In the meantime I walk to the self-service bar. More gin. There’s not a single person I’m interested in talking to.

 

“Hey, Nick!” Woody again from across the room. “I just spoke to Ron. He and William and a few other guys are leaving Scores now and bringing the bachelor party here. They’re bringing a few of the Scores strippers with them.” A few cheers and claps sprinkle the room at the news. I raise my glass in a silent toast. Woody does the same but with a yell and knocks back the rest of his drink. I feel like I need to get out of here and hope to make it through the hotel before Ron and William arrive. I don’t want to seem like the old guy leaving early, but more than that I don’t want to seem like the old guy sticking around not having any fun, and I can’t be around all these kids and hookers.

 

I finish my drink and tap Jack on the shoulder for a quick thanks and make an excuse for the early night, and I’m out the door into the hallway.

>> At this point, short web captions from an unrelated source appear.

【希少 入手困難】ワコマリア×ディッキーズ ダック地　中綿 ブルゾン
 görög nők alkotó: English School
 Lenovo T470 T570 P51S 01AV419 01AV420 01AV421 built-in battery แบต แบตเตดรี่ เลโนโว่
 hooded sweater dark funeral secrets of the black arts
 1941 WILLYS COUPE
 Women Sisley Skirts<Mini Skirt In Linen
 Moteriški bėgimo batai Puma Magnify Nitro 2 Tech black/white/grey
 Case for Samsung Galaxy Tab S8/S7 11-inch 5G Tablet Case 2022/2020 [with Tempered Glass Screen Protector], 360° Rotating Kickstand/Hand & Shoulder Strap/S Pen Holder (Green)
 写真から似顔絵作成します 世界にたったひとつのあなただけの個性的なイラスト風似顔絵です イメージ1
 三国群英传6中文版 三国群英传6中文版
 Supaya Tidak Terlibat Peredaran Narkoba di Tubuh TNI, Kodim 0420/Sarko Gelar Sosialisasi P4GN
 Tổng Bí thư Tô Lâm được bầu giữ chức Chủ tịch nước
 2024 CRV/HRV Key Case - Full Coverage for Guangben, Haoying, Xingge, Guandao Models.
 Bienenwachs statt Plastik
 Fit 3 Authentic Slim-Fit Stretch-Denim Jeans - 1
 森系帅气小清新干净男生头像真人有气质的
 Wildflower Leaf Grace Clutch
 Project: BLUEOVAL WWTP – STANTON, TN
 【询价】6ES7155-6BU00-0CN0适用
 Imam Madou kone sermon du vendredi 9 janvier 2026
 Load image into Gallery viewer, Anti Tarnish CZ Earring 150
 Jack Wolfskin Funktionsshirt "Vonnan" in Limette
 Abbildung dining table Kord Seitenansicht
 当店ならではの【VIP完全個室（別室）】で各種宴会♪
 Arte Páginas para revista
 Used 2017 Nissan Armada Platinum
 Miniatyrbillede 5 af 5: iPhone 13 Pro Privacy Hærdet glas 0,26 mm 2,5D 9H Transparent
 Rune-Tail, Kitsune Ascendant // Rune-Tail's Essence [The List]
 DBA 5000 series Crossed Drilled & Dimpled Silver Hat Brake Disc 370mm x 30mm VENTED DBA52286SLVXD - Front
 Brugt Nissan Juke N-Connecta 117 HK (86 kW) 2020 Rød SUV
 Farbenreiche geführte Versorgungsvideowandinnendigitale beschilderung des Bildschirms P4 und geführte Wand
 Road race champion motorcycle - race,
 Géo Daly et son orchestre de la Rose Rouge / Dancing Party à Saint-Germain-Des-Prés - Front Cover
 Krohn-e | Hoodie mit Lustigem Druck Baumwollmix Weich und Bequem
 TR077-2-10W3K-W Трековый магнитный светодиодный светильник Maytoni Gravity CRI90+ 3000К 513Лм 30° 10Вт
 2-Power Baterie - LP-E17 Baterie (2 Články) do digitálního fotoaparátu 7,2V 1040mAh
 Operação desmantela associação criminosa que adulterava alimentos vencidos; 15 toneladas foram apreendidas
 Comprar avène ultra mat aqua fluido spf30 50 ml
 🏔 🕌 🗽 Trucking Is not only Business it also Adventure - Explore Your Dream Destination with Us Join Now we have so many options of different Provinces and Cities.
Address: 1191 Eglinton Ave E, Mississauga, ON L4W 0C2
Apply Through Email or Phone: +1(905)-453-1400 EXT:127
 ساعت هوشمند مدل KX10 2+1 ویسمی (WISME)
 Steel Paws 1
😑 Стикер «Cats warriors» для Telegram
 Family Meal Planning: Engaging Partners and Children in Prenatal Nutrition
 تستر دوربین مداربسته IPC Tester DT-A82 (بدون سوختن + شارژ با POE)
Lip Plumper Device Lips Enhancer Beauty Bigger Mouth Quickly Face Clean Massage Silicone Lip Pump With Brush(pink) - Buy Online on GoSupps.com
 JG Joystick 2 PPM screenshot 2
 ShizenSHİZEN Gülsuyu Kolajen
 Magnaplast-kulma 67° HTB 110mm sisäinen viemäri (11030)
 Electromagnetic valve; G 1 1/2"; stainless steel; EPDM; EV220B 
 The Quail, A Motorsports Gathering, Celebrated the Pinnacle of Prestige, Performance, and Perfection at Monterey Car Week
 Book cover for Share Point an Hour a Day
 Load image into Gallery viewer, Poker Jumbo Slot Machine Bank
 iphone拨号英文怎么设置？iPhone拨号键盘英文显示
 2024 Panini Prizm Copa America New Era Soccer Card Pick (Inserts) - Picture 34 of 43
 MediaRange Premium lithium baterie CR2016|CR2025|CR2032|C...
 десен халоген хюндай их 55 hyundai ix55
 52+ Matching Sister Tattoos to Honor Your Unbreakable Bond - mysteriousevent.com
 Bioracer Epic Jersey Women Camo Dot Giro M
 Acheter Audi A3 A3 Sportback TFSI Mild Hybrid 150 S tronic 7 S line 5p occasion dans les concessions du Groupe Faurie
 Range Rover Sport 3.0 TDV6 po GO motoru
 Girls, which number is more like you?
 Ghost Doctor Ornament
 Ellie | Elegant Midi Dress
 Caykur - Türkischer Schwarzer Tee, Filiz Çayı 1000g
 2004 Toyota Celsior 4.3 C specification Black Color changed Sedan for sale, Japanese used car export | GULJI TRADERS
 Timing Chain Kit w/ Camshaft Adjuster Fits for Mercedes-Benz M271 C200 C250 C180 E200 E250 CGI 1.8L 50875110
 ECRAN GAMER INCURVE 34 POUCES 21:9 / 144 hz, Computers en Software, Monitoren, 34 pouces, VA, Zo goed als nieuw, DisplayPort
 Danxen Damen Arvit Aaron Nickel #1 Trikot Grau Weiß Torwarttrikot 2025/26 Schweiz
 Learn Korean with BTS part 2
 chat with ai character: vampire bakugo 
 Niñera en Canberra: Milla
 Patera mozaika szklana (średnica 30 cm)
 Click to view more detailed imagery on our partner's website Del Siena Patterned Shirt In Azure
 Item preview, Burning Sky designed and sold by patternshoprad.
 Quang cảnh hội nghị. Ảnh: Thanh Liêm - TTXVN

The heavy door closes behind me with a seal, and in an instant all the voices are gone like snapping off the radio. I wish things were good with Julia so I could have something I couldn’t wait to get home to, but leaving here is good enough for now.

 

The elevator takes me all the way down without a single stop and I step past the two bronze Great Danes that line the elevator alcove. I’m almost to the door outside when I hear a collection of laughter and too many stories told at once in loud voices coming in from the other side. They’re already here. Ron must have called Woody from a car close by.

 

They push through the door in a single mass, like an amoeba with forward body motion fueled by alcohol. Eight guys in designer jeans and untucked button-down shirts under navy trench coats. Like a uniform. I’m unavoidably in the path and I hear my name called in a chorus.

 

“William, congratulations on the big night out.”

 

“This is an unofficial one, but it has all the ingredients. Are you coming or going?”

 

“Going. I need to get home.” Less is more when trying to leave. Any information about why gives a foothold for counterargument.

 

“Nick, you can’t. We have Scores dancers coming over.”

 

“I heard. Where are they?”

 

“Coming at the end of their shift. We gave a down payment, and what stripper in her right mind would turn down a night at the Soho Grand penthouse with limitless blow?” In my mind this is said loud enough for the entire lobby to hear.

 

“I’ve never heard of such a stripper.” William laughs at this. I need to go. “Damn, I can’t believe I’m going to miss this one, guys.” I try hard to sound genuine. “Take pictures and don’t leave out any details on Monday.”

 

“Okay. You sure?” I’m his boss. There’s only so much complaining he can do.

 

“Yeah. Have fun. Stay out of trouble.”

 

I get outside and the bellman gets a cab for me. I notice there’s a voicemail on my cell phone and I check it.

 

Nick, it’s Rebecca James. I hope it’s okay that I’m calling you. I know you can’t talk about Freddie’s work, but I thought we might get together and talk about other things. Some nonconfidential things. Anyway, call me when you can.

 

I don’t know how she got my number. I guess reporters have their ways. It’s been more than a month since I saw her and I’m craving to call her back, but I know if I call her, I’ll have created something that will take on a life of its own. I decide that if I call her, I need to wait until I’m in a place where I can concentrate rather than in the back of a taxi. This way I can just decide about it all later.